***** INPUT DATA

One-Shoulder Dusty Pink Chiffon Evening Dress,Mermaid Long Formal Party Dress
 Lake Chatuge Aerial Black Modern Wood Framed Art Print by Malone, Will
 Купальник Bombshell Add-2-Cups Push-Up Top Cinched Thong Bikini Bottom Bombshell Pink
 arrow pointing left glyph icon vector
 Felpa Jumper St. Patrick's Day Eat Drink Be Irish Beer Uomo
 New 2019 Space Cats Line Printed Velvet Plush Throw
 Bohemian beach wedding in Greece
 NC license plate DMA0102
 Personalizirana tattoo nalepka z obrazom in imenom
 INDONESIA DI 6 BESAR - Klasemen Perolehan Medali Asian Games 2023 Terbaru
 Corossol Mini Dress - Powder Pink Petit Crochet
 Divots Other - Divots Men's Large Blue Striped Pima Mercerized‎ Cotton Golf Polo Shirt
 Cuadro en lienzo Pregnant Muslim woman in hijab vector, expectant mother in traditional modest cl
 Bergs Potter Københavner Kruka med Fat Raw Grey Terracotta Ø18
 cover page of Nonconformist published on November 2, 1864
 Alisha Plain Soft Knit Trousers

**********

## WORK TO COMPLETE
Take from the entries every line that has the string "Pink".

## SOLUTION TO THE EXERCISE
One-Shoulder Dusty Pink Chiffon Evening Dress,Mermaid Long Formal Party Dress
 Купальник Bombshell Add-2-Cups Push-Up Top Cinched Thong Bikini Bottom Bombshell Pink
 Corossol Mini Dress - Powder Pink Petit Crochet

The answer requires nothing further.